**TASK:** Take the lines below from the one with "Read Me When...Colorful" through the one with "Calça Jeans Cintura alta Floral" and print only them, exactly. Don't print the pictures.

**DATA LISTING:**
***

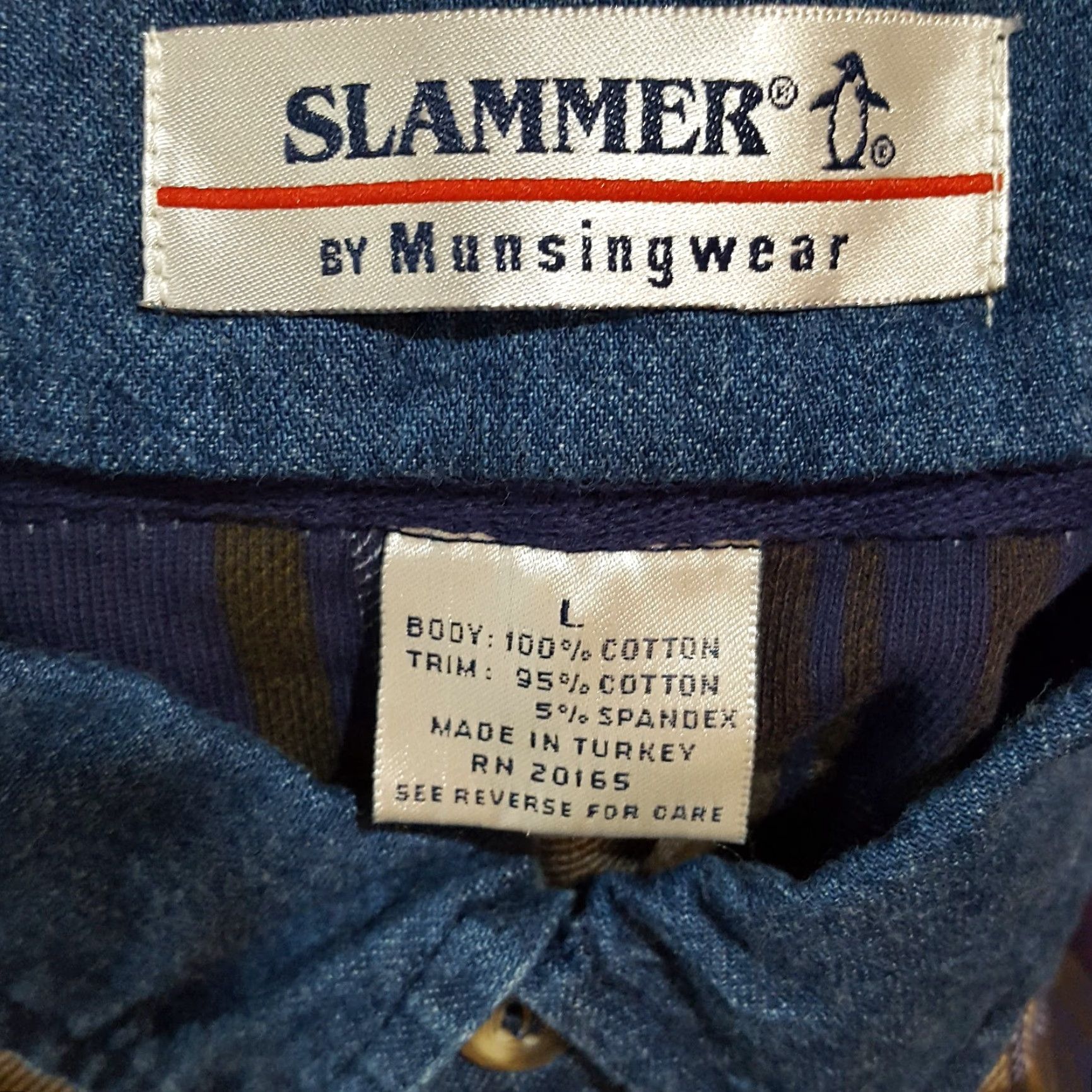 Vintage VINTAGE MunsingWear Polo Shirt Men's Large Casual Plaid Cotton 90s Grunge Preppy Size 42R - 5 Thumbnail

***

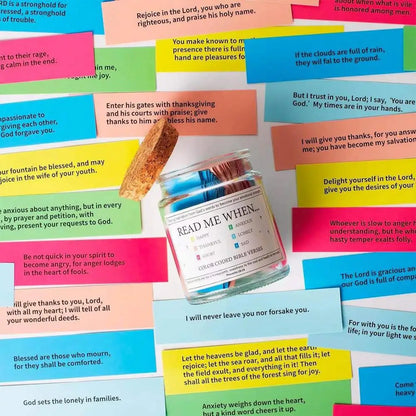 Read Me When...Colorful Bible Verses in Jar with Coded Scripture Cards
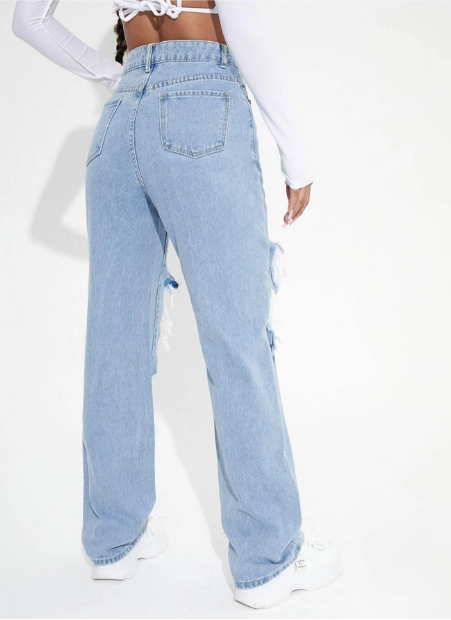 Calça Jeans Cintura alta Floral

***

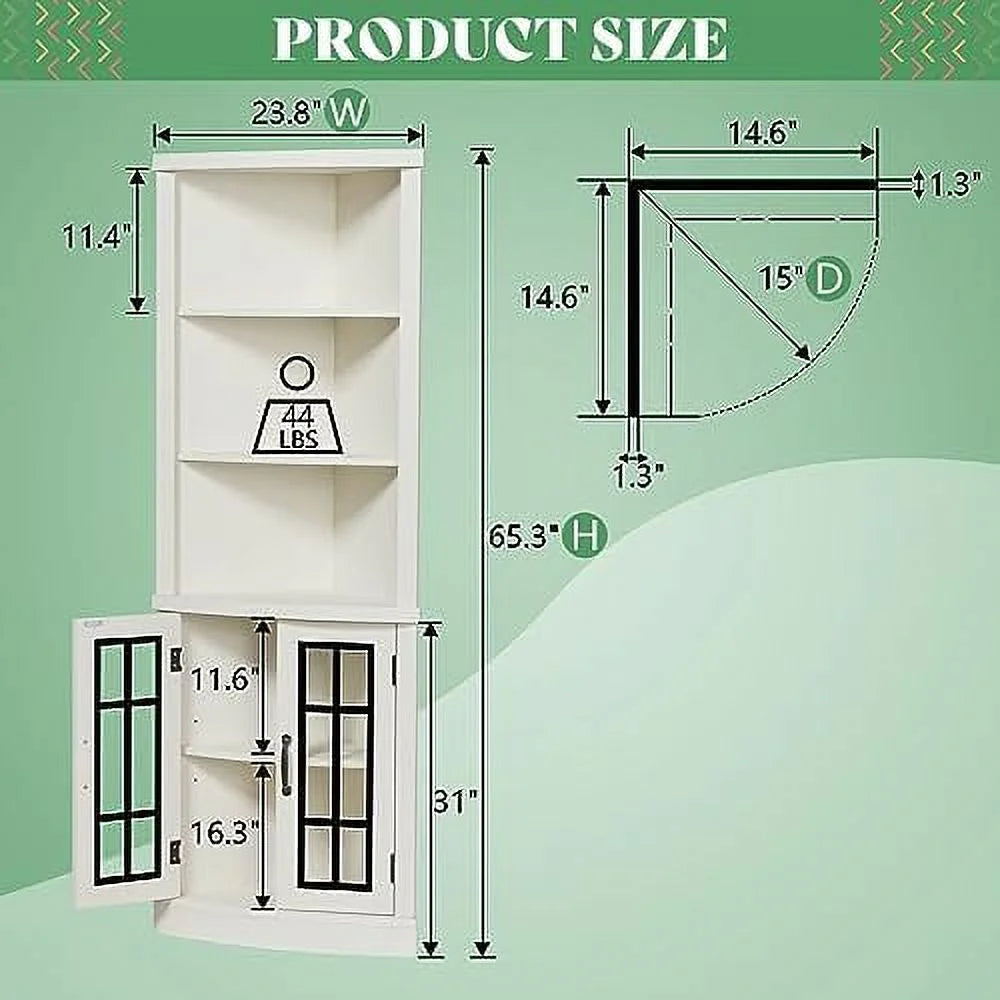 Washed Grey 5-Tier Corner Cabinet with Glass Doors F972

***

**WRITTEN RESPONSE:**
 Read Me When...Colorful Bible Verses in Jar with Coded Scripture Cards
 Calça Jeans Cintura alta Floral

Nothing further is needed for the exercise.